As the eggs warmed, ever so slowly, the whites eventually solidified into a snow-white cream and the yolk became hot, but still mostly liquid. After sliding this delightful treat onto a clean plate, I salted just the whites to avoid “unsightly salt speckles” on the yellow, added a little freshly cracked pepper and then finished it off with a generous drizzle of melted butter. Served with crispy bacon and toast…c’est manifique.

Trust me, eggs never tasted so good as when prepared this way. This is the French way – more specifically the method developed by Master French Chef Fernand Point at his 3 Michelin Star rated restaurant La Pyramide in the 1950’s and then later perfected by his legendary understudy Bernard Loiseau of Côte d’Or fame. Does this lengthy procedure sound crazy? Rather excessive? Well it is, but that’s nothing.

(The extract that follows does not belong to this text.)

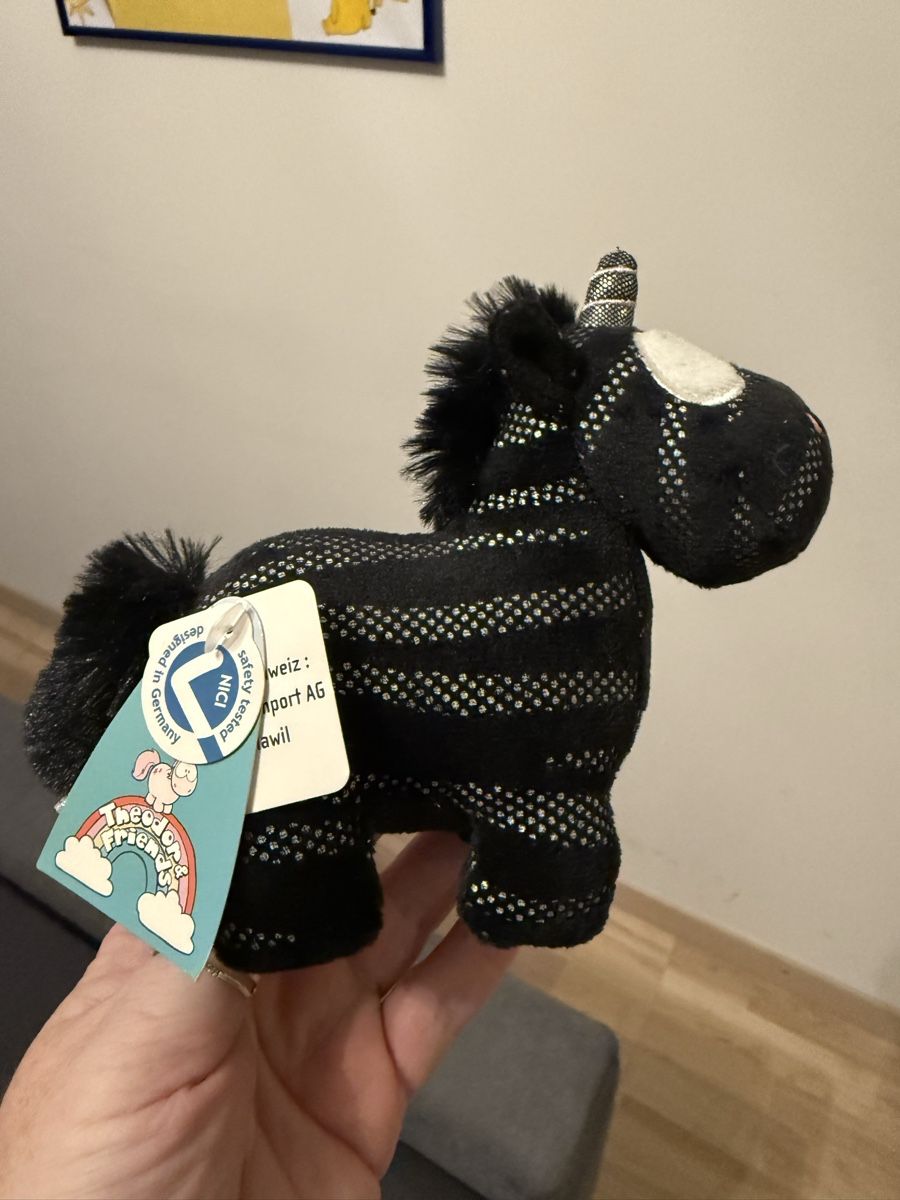 Nici Giocattoli: NICI Einhorn Starlight neu mit Etiket – Nuovo (secondo la descrizione) da Ennenda venduto da Sandi3 1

Loiseau actually killed himself over food. That’s right, you heard me. Having been downgraded from 19/20 to 17/20 by the GaultMillau guide, and rumoured that he might lose one of his cherished Michelin stars (a false rumour it turns out), Mr. Loiseau turned his shiny new shotgun, a recent gift from his wife ironically, on himself in his kitchen. Perhaps anyone who could obsess over an egg might just kill himself over rumours that his restaurant, hence his culinary relevancy, was fading. So it was for the troubled Bernard Loiseau as chronicled in the fabulous tell all story The Perfectionist: Life and Death in Haute Cuisine by Rudolph Chelminski.

Now, granted I haven’t finished the book yet, but I can tell you this. It’s a haunting portrait of one of France’s most famous chefs and the history of French gastronomy that served as the backdrop for Loiseau’s meteoric career. In the first chapter, Luxe, Calme et Volupté, Chelminski details how Loiseau’s mentor, the infamous Chef Fernand Point would test visiting chefs with a challenge to show him how they fried a simple egg, declaring that the easiest dishes were often the most difficult to prepare. When, inevitably, the chef insulted the egg with the sizzling hot surface of a frying pan, Point would cry, ‘Stop, unhappy man – you are making a dog’s bed of it!’ And then he would proceed to demonstrate the one and only civilized manner of treating an egg. Very slowly, very gently, and swimming in butter of course.